Few citizens are aware that from the end of World War II through President Carter’s last budget year, we were outgrowing the national debt. Debt went from the highest ever level in 1946 to the lowest since before the Great Depression during (fiscal) FY1981 – 127.9 down to 32.5 percent of gross domestic product (GDP, measure of the total economy).

The national debt is on track to reach 111.5 percent of GDP this budget year (FY2013) and exceed that of 1946 next year, even with pending tax increases.

What happened?

In a word, ‘Reaganomics.’ Ronald Reagan’s ‘greed is good’/supply-side (‘trickle-down’) economics era alluding to Arthur Laffer’s deceptive ‘little curve’ – give tax breaks to business and the wealthy, they will invest in economy, jobs will increase, tax collections will rise, and everyone benefits. Nice theory; too bad it’s utterly fallacious.

Supply-side rationale has and is being used continuously by politicians at all levels of government. Federal, state, and local tax structures have been eviscerated. Failure of this approach is attributable to the power of vertically integrated economic behemoths (corporations) spanning multiple political jurisdictions and nations – leviathans transcending the authority of our politically fragmented federal system of government.

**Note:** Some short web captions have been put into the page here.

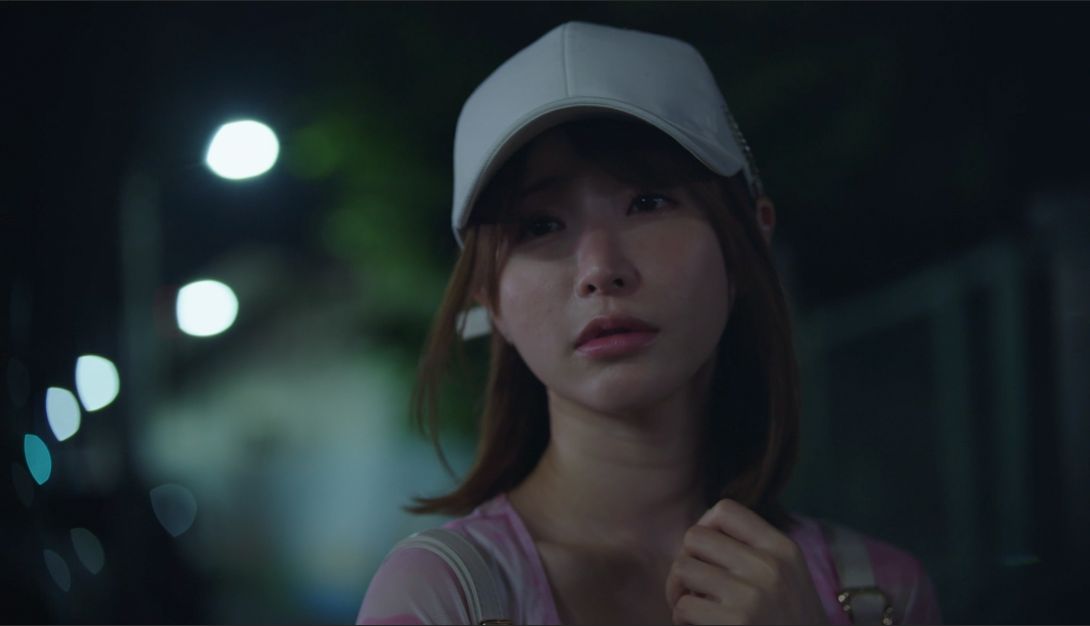 Tokyo Love Action Story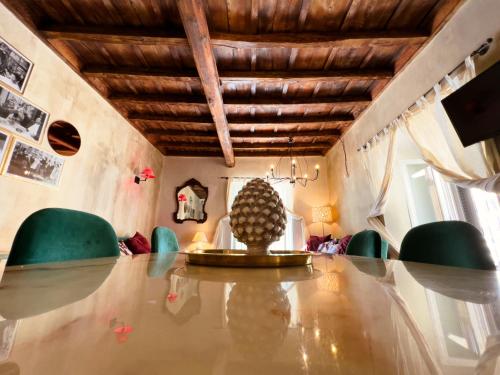 IREX Campo de Fiori - 3 bedrooms with View near Navona & Pantheon, Рим (фото 10)
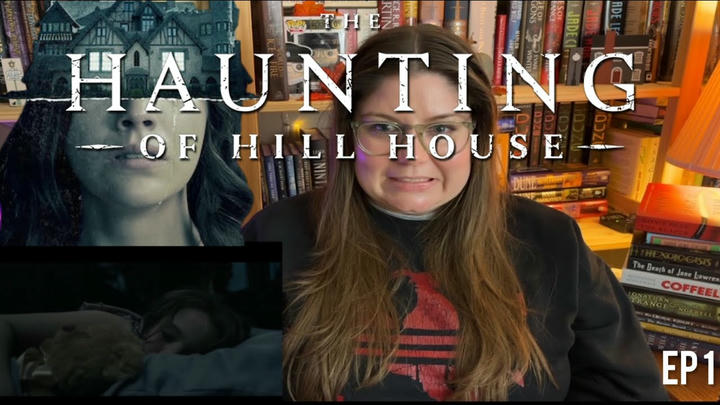 Kate Maccio - The Haunting of Bly Manor (2020)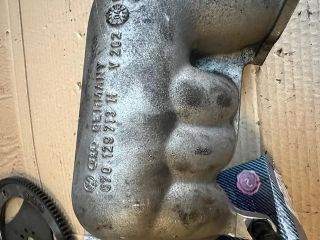 bontott VW TOUAREG Szívósor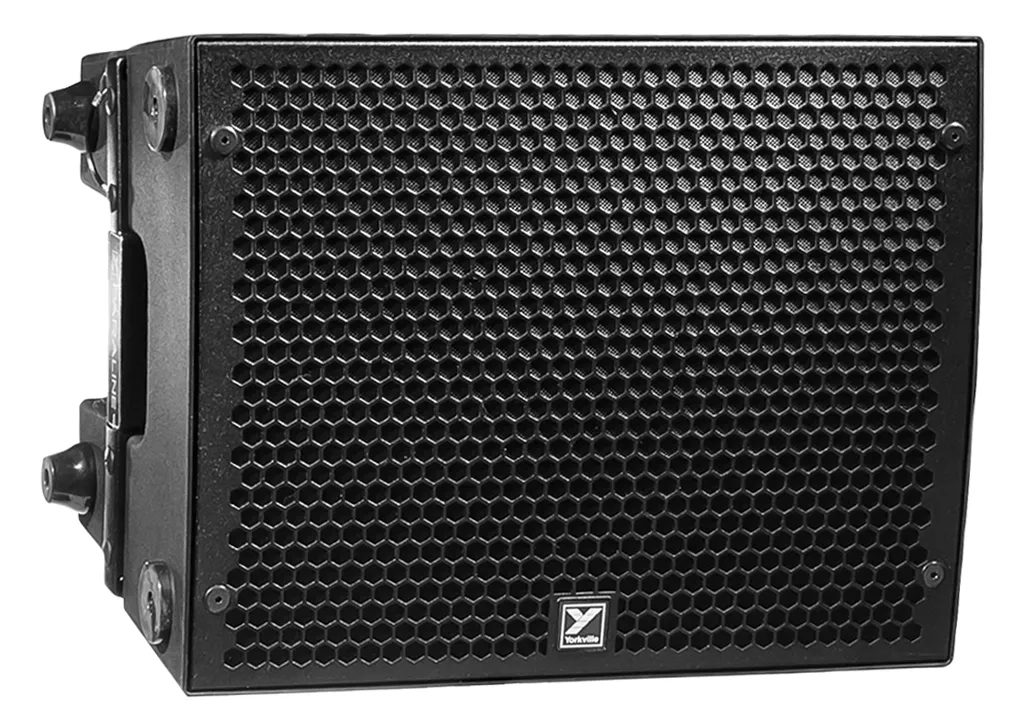 Yorkville PSA1 Powered Line Ar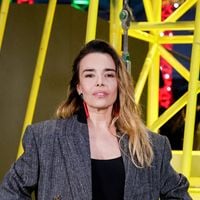Elodie Bouchez : à 53 ans, sa silhouette longiligne est le fruit d'un travail quotidien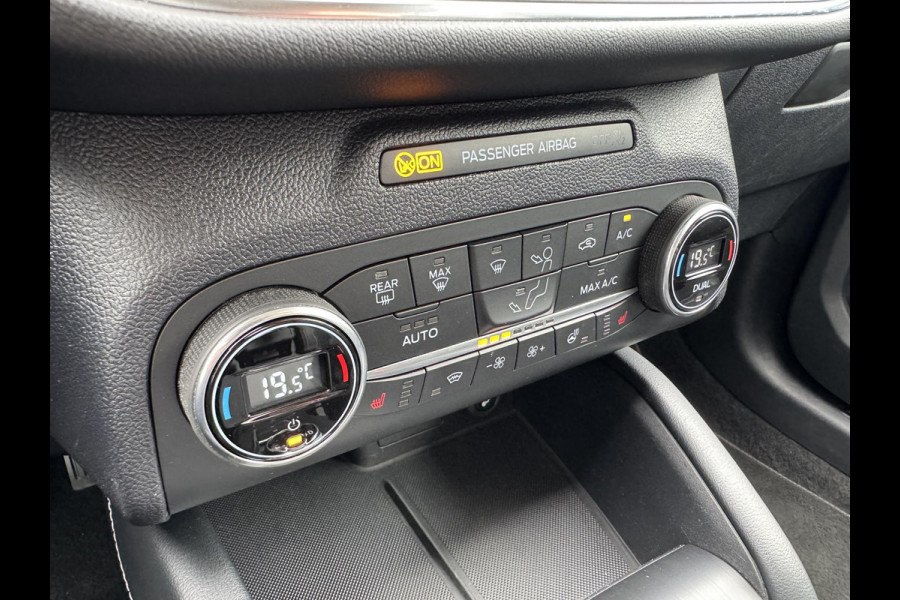 Ford Kuga 2.5 PHEV Vignale | 98.000 KM | Trekhaak | Volledig lederen interieur | Driver Pack |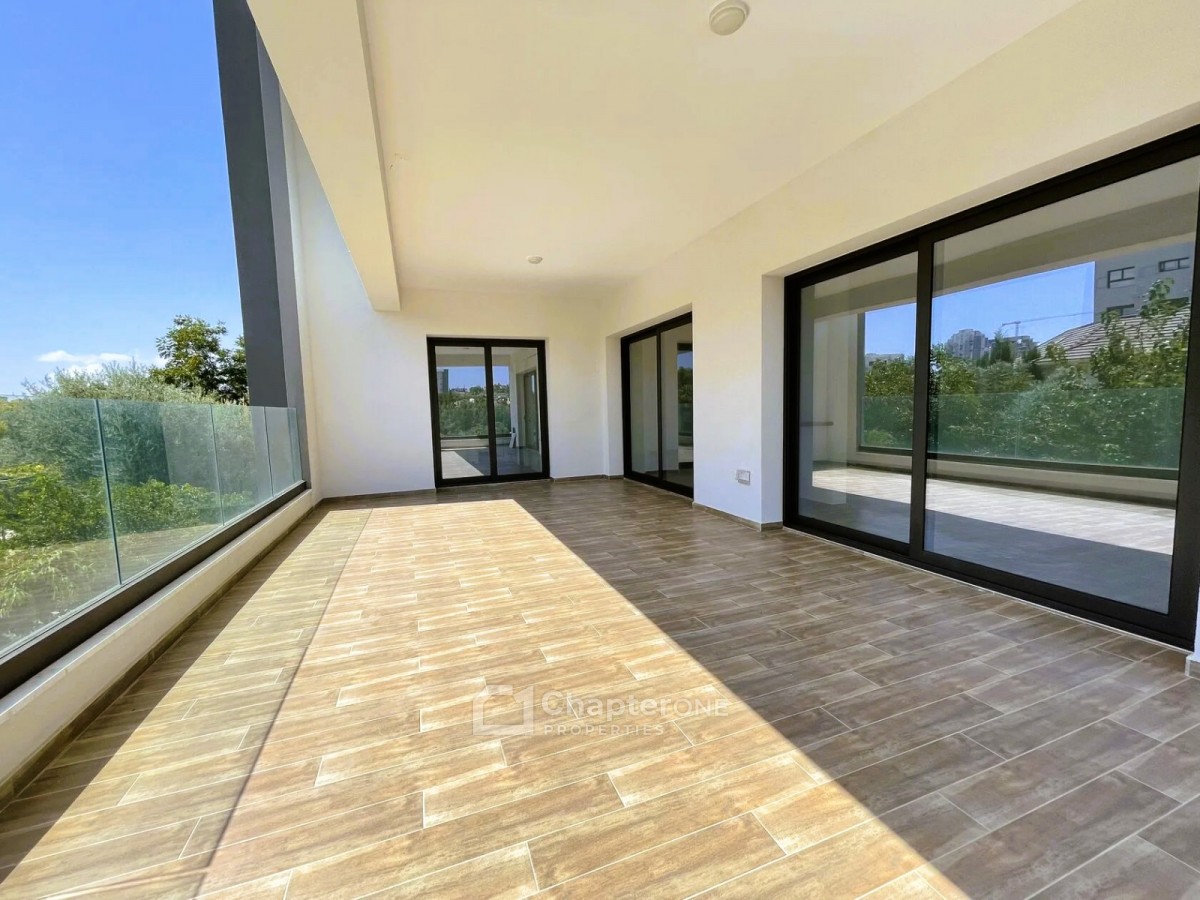Apartment For Sale  in  Potamos Germasogeias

Our ‘fearless leaders’ forgot about the fallout from out-sourcing, off-shoring, and tax havens. We live with the results of debt bequeathed by simultaneous war and tax cuts for business and the wealthy. Too few pay taxes even on earnings in this country.

Since FY1981 massive debt accumulated with: 1) continuous war/preparation for war; 2) privatization of war and national security using procurement contracts; 3) a voluntary [mercenary?] military; 4) tax cuts, tax expenditures, abatements, TIFs, other loopholes; 5) redefinition of income (what counts and what doesn’t) for multijurisdictional/multinational corporations and the very wealthy; and 6) massive waste of our national resources.

All fomented by an incestuous relationship between the military, corporate elites, and Congress with supply-side economics promoted by politicians at all levels of government. Presciently President Eisenhower warned against the military-industrial complex.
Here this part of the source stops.